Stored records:
===

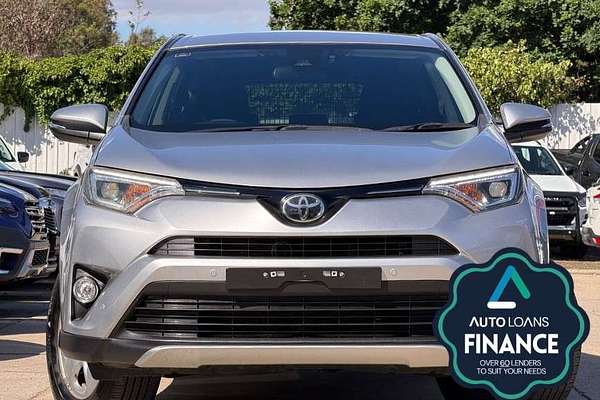2018 Toyota RAV4 GX ZSA42R
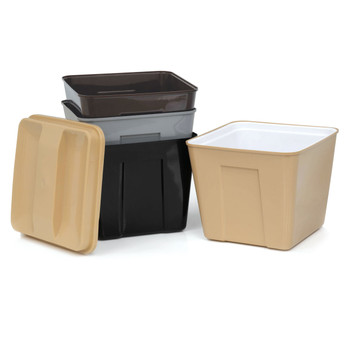 LodgMate 3-Qt. Square Plastic Ice Buckets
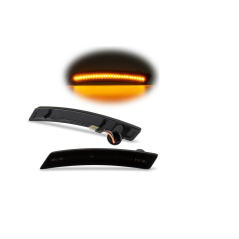 Semnalizare laterala fumurie LED dinamica Mini Cooper r55 r56 r57 r58 r59 r60 r61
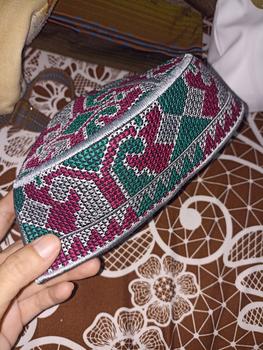 Product Review of Peci PAKISTAN KOSOVO Terompah Motif Untuk Anak-Dewasa Nomor from Tokopedia customer review 1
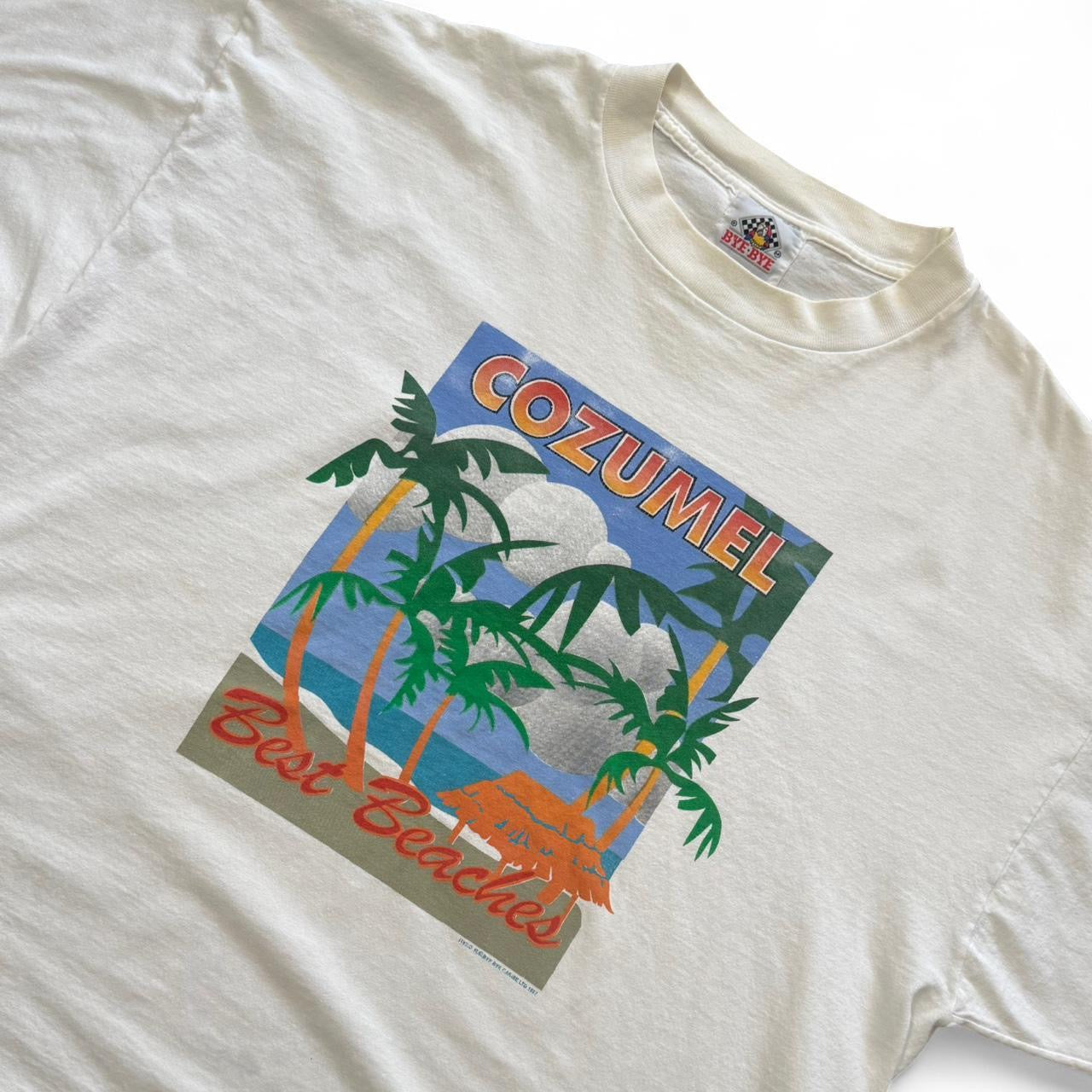 90s Cozumel Mexico Beach Tee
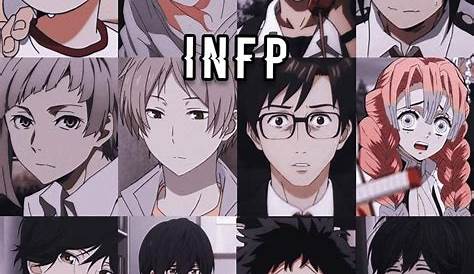 Anime Character Infp Personality Types Art Dash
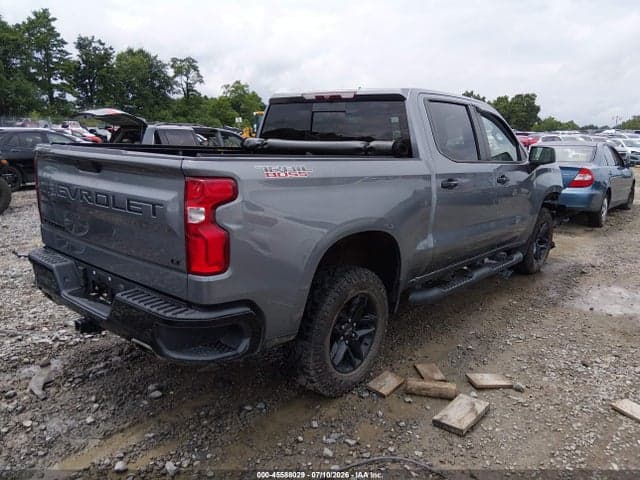 2020 CHEVROLET SILVERADO 1500 4WD SHORT BED LT TRAIL BOSS 4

===

## About this task
Only the lines from the one containing "Product Review of" through the last line of the entries belong in the answer, given again exactly. Images stay out.

## Your response
 Product Review of Peci PAKISTAN KOSOVO Terompah Motif Untuk Anak-Dewasa Nomor from Tokopedia customer review 1
 90s Cozumel Mexico Beach Tee
 Anime Character Infp Personality Types Art Dash
 2020 CHEVROLET SILVERADO 1500 4WD SHORT BED LT TRAIL BOSS 4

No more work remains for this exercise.